**Assigned task**.
Copy every line that contains the string "Hotel" from the entries below.

**Entries supplied**.
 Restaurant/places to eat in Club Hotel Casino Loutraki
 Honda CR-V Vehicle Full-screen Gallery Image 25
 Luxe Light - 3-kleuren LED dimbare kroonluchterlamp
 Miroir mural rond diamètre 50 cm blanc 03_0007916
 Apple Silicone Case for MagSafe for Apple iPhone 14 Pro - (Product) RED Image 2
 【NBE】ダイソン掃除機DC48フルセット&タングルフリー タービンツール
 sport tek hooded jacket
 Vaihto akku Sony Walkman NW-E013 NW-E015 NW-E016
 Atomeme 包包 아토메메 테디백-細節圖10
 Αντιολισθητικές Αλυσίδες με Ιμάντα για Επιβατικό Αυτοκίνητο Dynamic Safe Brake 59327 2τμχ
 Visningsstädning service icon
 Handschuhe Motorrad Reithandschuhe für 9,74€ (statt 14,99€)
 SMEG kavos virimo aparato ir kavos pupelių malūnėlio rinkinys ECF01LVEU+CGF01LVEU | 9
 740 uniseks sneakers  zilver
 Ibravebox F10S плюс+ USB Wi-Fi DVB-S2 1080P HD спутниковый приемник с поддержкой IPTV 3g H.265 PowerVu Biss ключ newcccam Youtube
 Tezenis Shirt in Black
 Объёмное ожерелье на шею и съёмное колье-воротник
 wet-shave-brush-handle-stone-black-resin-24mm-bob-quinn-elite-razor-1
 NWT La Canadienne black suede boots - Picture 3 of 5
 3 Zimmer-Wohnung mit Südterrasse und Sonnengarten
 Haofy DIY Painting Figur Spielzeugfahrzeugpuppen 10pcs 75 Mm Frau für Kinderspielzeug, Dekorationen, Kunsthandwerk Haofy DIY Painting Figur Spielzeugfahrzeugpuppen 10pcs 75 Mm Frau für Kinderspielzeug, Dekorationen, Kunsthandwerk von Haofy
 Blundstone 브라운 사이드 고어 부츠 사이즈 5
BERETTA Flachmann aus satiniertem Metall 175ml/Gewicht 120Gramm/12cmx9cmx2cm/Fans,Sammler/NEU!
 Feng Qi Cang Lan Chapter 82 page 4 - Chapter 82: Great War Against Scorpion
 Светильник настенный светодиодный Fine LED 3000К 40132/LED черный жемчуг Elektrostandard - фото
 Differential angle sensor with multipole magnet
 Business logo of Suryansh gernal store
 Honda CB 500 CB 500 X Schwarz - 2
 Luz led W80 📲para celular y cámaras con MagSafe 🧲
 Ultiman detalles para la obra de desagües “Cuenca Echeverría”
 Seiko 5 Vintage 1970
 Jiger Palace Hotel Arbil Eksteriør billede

**Solution to this exercise**.
 Restaurant/places to eat in Club Hotel Casino Loutraki
 Jiger Palace Hotel Arbil Eksteriør billede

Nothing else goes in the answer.